Dernière mise à jour : 29 juillet 2026
Prépositions et déterminants : erreurs fréquentes
Erreurs de prépositions en français : la règle qui les explique, les quatre fautes les plus fréquentes et un mini-exercice corrigé pour les faire disparaître.

Les erreurs de prépositions en français ne viennent presque jamais d'un manque de vocabulaire : elles viennent d'une idée fausse, celle qu'on choisirait la préposition en fonction du sens. C'est l'inverse. La préposition est imposée par le mot qui la précède — un verbe, un nom ou un adjectif — et le déterminant, lui, dépend de ce que vous désignez et de la présence d'une négation. Cet article donne la règle, les cas d'emploi, les quatre fautes qui reviennent le plus, et un mini-exercice corrigé pour les faire disparaître.

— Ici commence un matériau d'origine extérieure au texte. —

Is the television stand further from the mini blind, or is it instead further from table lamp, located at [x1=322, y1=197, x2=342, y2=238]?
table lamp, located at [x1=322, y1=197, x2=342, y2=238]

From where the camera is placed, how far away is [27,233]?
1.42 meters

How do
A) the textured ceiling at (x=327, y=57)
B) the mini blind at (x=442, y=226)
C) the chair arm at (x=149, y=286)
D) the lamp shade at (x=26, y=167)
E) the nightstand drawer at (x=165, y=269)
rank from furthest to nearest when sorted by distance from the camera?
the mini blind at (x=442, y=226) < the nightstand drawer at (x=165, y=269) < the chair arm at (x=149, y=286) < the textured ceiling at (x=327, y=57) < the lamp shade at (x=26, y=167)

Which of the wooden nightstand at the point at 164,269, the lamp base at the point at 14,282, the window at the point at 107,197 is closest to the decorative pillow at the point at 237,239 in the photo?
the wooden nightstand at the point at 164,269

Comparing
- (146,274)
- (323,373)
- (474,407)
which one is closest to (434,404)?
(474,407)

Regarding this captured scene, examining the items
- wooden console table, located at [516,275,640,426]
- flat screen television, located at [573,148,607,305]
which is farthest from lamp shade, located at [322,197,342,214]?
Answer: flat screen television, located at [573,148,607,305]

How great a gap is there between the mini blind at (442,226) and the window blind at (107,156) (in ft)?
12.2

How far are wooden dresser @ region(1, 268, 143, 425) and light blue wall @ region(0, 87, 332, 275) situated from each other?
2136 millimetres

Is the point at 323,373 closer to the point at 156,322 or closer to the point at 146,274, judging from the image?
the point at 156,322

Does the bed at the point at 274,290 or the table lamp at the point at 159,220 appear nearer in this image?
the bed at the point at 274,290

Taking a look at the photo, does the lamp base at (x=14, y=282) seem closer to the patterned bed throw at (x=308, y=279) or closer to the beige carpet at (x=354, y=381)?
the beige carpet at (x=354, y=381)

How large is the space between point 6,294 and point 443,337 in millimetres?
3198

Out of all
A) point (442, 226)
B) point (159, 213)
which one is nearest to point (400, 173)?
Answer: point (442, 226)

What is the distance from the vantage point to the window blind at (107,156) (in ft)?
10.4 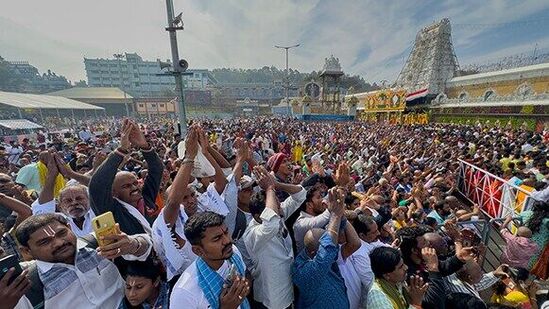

Le cas d'emploi principal : la préposition appartient au verbe
C'est le cœur du sujet, et il explique à lui seul la majorité des fautes. Un verbe français se range dans l'une de trois familles, et cette famille ne se déduit d'aucun raisonnement : elle se mémorise.
Les verbes qui appellent « à » : réussir à, s'intéresser à, penser à, tenir à, participer à, répondre à, renoncer à.
Elle a réussi à convaincre son équipe en moins d'un quart d'heure.
Les verbes qui appellent « de » : décider de, essayer de, refuser de, se souvenir de, dépendre de, parler de, avoir besoin de.
Nous avons décidé de reporter la réunion à la semaine suivante.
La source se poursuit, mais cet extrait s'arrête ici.